Am I inherently evil to want to cause a catfight between Patrick and John? The answer: probably.

Does my already inflated ego need that extra attention? Answer: Probably not.
Speaking of my ego, doesn't it have perky tits? The answer is: undoubtedly yes, and my ego must be cold as well.

7/11/2002

Ok, haven't smoked yet, but my stomach hurts now. Decided to try a new Grandma's Lemon Cheesecake cookie. Smelled like lemon, tasted like "White Chunks*."

For the love of pete, don't try these; take my word for it. You're better off sticking to a bag of pretzels, which I've never seen a company get them to taste wrong. Although I don't want to find the company that does.

*White Chunks are an actually ingredient, listed second, in the ingredient list.
I'm hungry and bored. Time to go smoke and get a candy bar or something.

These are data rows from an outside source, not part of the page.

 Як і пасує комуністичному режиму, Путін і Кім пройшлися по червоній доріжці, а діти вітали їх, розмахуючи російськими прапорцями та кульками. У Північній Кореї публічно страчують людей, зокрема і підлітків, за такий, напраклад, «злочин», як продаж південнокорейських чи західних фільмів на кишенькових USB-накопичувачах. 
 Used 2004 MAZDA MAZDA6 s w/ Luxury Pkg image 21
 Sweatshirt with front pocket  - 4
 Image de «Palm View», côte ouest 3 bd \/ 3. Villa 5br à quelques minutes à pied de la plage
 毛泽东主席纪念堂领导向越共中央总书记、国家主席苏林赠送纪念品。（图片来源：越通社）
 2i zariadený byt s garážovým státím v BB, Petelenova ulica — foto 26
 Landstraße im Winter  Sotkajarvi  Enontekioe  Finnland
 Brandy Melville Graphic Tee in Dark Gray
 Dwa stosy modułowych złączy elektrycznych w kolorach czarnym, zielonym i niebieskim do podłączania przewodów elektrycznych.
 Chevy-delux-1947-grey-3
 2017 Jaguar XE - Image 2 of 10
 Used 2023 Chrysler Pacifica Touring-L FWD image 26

Here's hoping it's raining around 4 pm, so I don't have to cut the grass.
There are so many things wrong with this article:

First of all, by definition, aren't all Catholics antiabortion?

Secondly, why is anyone surprised that Bush "has put the lives of millions of women and children at risk?" Hello, the same possibilities are apparent with his fanatical "Wars" against Drugs, Terrorism, and Corporate Crime. Ok, so it's not always a physical threat, but definitely a psychological one: With a considerable chance that his judicial appointments will ultimately swing the ever-so swaying pendulum to the (Conservative) Right, don't women realize that this same type of extreme judgement could effect their reproductive rights? Ecch. . I hate when I'm spouting off and lose my point. Surprise, Surprise.

If you Google someone's name, and it comes up a blank, does that mean they're boring, or that they never get caught being bad?
When White Trash becomes Litigious. . .

Maybe Jerry could countersue each and every member of that day's audience for assault? The planted comments the audience makes surely caused emotional duress to his guests. It is true about making things up. . . .I've got two or three friends that have been on Springer (separate episodes), and they've informed me that the entire show is scripted. e.g., "Make sure you take you clothes off, don't forget to make out, etc."

The whole situation is amazing to me.

7/09/2002

At work today, a pest control company had the nerve to place this sticker on their invoice. Great. A company can rely on it's blinding patriotism, and not resources, to keep america moving. Speaking of keeping america moving, heard that the unemployment rate is up in June. God Bless America, indeed.